Rombongan perwakilan Bank Indonesia Jawa Timur yang hadir antara lain:

Jhordy Kashoogie Nazar – Asisten Direktur BI Jawa Timur

Didit Sulistianto – Analis Yunior BI Jawa Timur

Imamil Faris Maulana – Konsultan FPPUKIS Kantor Perwakilan BI Jatim

Dalam pertemuan tersebut, salah satu agenda utama adalah asesmen potensi pengembangan perekonomian pesantren, termasuk program sertifikasi halal melalui SPPG (Sistem Penjaminan Produk Halal) serta penguatan unit dapur sehat berbasis syariah. Program ini diharapkan menjadi pintu masuk untuk membangun kemandirian ekonomi pesantren yang terstruktur dan berdaya saing.

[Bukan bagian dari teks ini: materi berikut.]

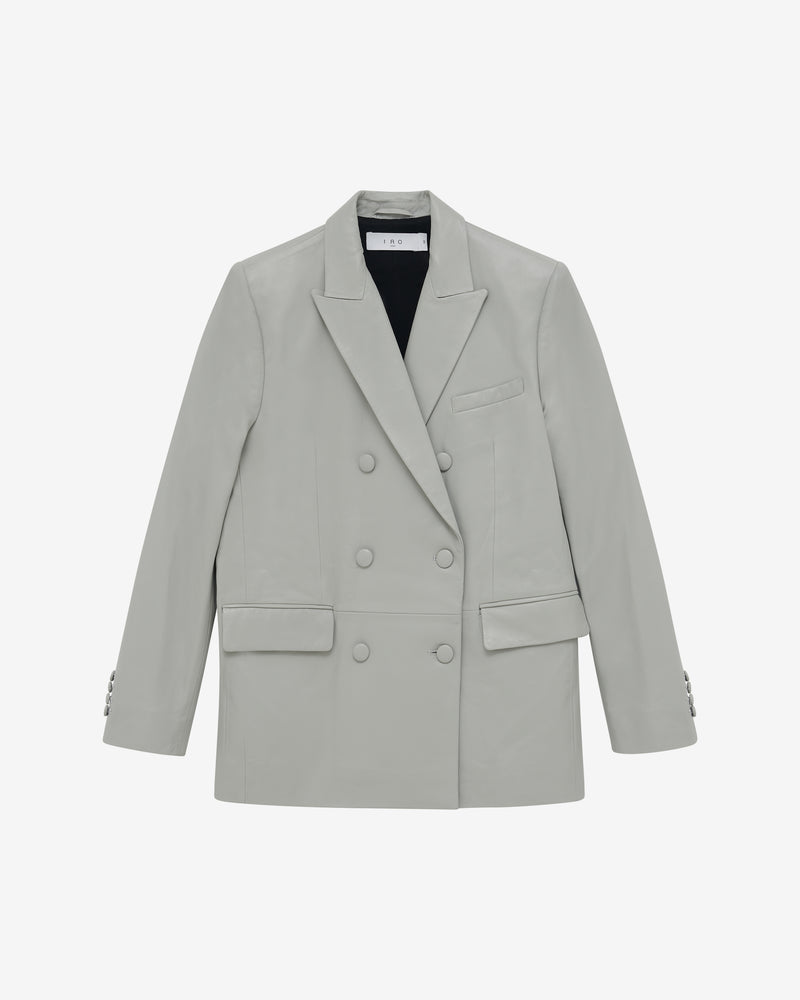 Veste De Tailleur En Cuir Doumi - Smoke Grey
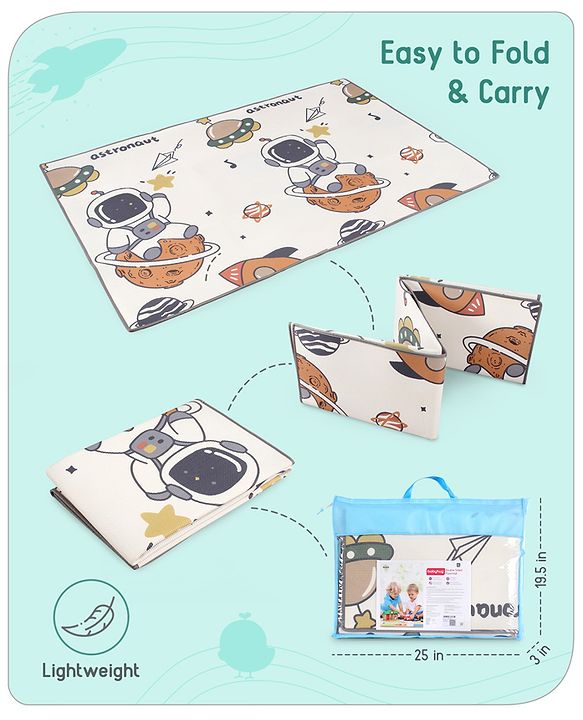 Babyhug Premium Reversible Foldable Waterproof Floor mat- 6 ft x 4 ft| Thickness 8mm|Space Theme|Colorful|Learn and Play Mat|Soft Foam Mat|Baby Massage|Easy to Carry Bag|0-12 Years|BIS Certified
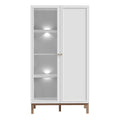 Wensley Display Cabinet with 1 Door and 1 Glass Door in Light Grey and Oak inc LED Lighting - image 2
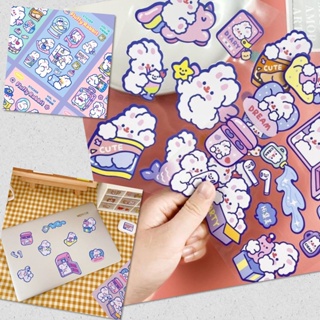 ✨ สติ๊กเกอร์ รุ่น กระต่าย Sticker น่ารัก สำหรับติดตกแต่ง DIY ติดแน่น ทนนาน วัสดุ PVC กันน้ำ อย่างดี สีสันสดใส ไม่ลอก ✨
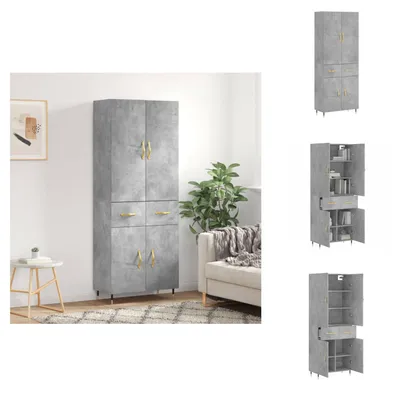 Produktbild von vidaXL Highboard Betongrau 69,5x34x180 cm Holzwerkstoff -  Sideboards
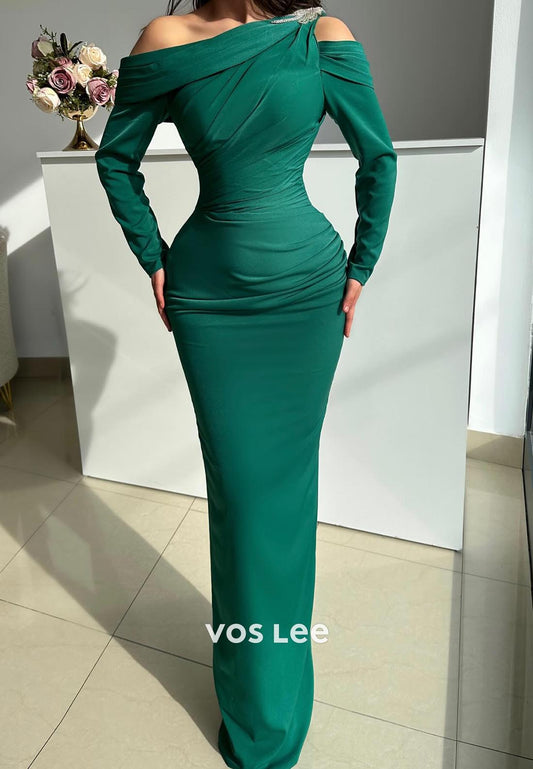 Long Sleeves Off-Shoulder Mermaid Evening Dress Mother of Bride Dress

KH. Nasih Aschal dalam sambutannya menyampaikan bahwa pesantren sejak awal didirikan oleh Syaichona Mohammad Cholil bukan hanya berfokus pada pengajaran kitab kuning, namun juga memberikan bekal ilmu kemasyarakatan dan keterampilan hidup (life skill) kepada para santri.

“Pesantren bukan hanya tempat belajar ilmu agama, tapi juga pusat pemberdayaan umat. Seperti Syaichona Moh. Cholil yang membekali santrinya dengan ilmu yang aplikatif di tengah masyarakat. Saya berharap, kerja sama dengan Bank Indonesia dapat memperkuat ekonomi pesantren dan mendorong lahirnya pelaku ekonomi syariah yang tangguh menghadapi tantangan global,” ujar KH. Nasih.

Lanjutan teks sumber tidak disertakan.